CATO JANKO – ElektroPop: Clemens Giebel’s Band!

Clemens Giebel, in Köln geboren, studierte Schauspiel an der Hochschule für Musik und Darstellende Kunst Frankfurt am Main. Nach Gastverträgen in Frankfurt, Halle und Stuttgart wurde er 1998 an das Theater der Stadt Heidelberg engagiert, wo er u.a. mit den Regisseuren Michael Quast, Hermann Schmidt-Rahmer, Andreas von Studnitz, Jasper Brandis, Christian Paade, Michael Wedekind und Pit Holzwarth arbeitete. Von 2002 bis Sommer 2010 gehörte er zum Ensemble des Staatstheaters Braunschweig und war dort als Mephisto im „Faust“, als Christian in John von Düffels/Thomas Manns „Buddenbrooks“, Romeo in „Romeo und Julia“, als Alexander DeLarge in „A Clockwork Orange“ sowie in vielen anderen Rollen zu sehen. Hier arbeitete er mit Thomas Krupa, Mario Portmann, Heinz Kreidl, Constanze Kreusch, Thomas Goritzki, Wolfgang Gropper (†), Davoud Bouchehri (†), Holger Berg, Kay Neumann, Erik Altorfer, Eva Veiders u.a. zusammen.

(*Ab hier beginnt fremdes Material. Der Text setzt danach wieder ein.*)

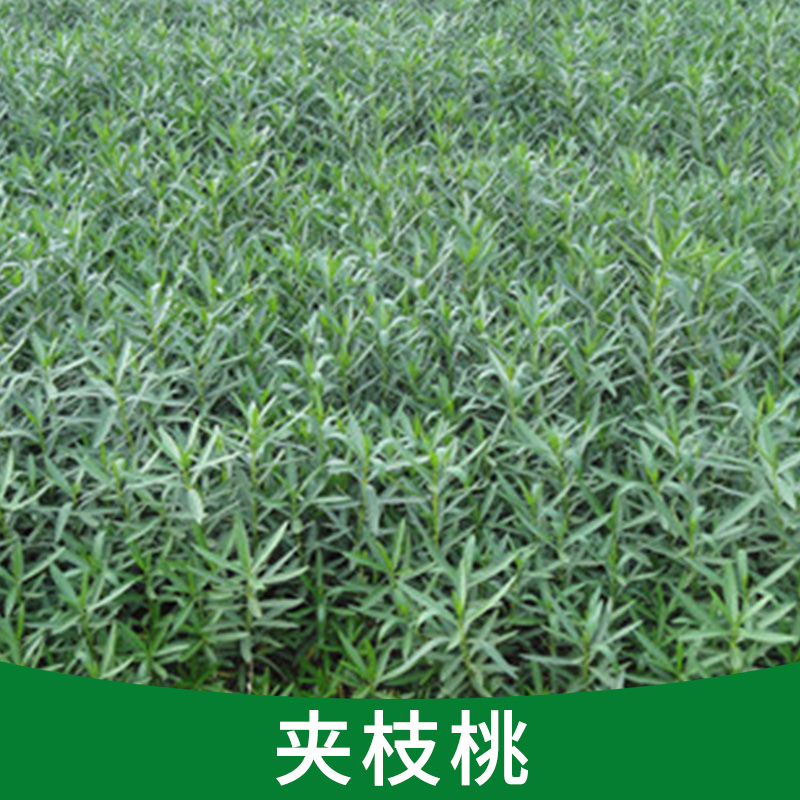 盆栽四季常青 紅色花 夾枝桃苗 凈化空氣 抗二手煙的危害辟邪植物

Seit 2010 arbeitet er als freier Schauspieler und ist seitdem an verschiedenen Theatern quer durch die Republik aufgetreten (Schauspiel Essen, Theater Bremerhaven, Theater Erlangen, Theater Regensburg, Burgfestspiele Bad Vilbel, Freilichtspiele Schwäbisch Hall): In Erlangen als Michael Kohlhaas in „Kohlhaas 05/10“, als Leonce in „Leonce und Lena“ (Regie: Constanze Kreusch), in Schillers „Jungfrau von Orleans“ als Herzog von Burgund (Regie: Thomas Krupa) und Elfriede Jelinek’s Stück „Wut“ (Regie: Paul-Georg Dittrich). Er spielte in Bremerhaven Graf Leicester in „Maria Stuart“ (Regie: Kirsten Uttendorf) und in Bad Vilbel den Marquis Posa in Schillers „Don Karlos“ (Regie: Harald Demmer). Am Schauspiel Essen spielte er bei Uraufführung „Die Ästhetik des Widerstandes“ nach dem Roman von Peter Weiss in der Regie von Thomas Krupa mit. Am Theater Regensburg ist Clemens Giebel als Franz Moor in „Die Räuber“ (Regie: Marcus Lobbes), in der Uraufführung „mensch maschine“ von Konstantin Küspert (Regie: Sahar Amini) und der Produktion „Alpenrauschen“ (Regie: Eva Veiders) aufgetreten. Dort zeigte er auch sein Zauberprogramm „Spiel des Lebens“, ein wilder Ausflug in die Welt der Magie. In den Jahren 2015 und 2016 spielte er bei den Freilichtspielen Schwäbisch Hall Sganerelle in Moliere’s „Don Juan oder der Steinerne Gast“ und Franz Moor in „Die Räuber“ unter der Regie von Thomas Goritzki.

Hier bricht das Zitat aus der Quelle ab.